-- YOUR OBJECTIVE --
Using the entries that follow, transcribe only the lines from the line with "Bán nhà mới" to the line with "Gareth Bale (in", both included, exactly as they stand and without pictures.

-- EXCERPTED DATA --
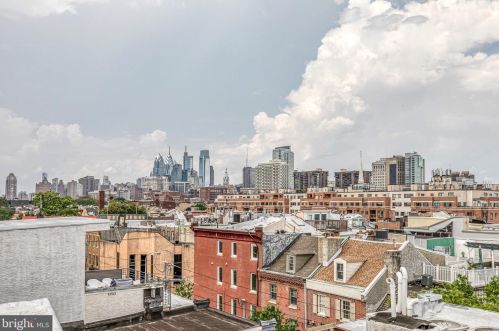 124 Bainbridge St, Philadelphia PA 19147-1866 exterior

* * *

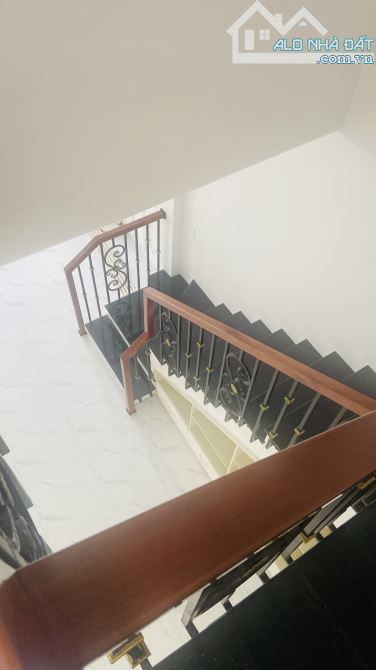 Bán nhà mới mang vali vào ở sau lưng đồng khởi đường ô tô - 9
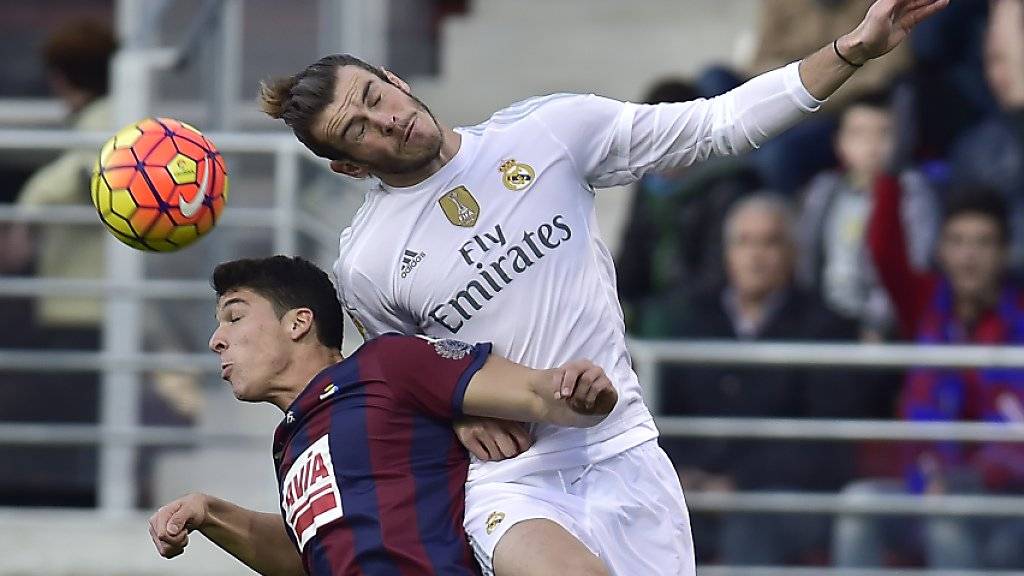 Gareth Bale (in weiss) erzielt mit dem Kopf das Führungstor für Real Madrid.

-- TASK RESULT --
 Bán nhà mới mang vali vào ở sau lưng đồng khởi đường ô tô - 9
 Gareth Bale (in weiss) erzielt mit dem Kopf das Führungstor für Real Madrid.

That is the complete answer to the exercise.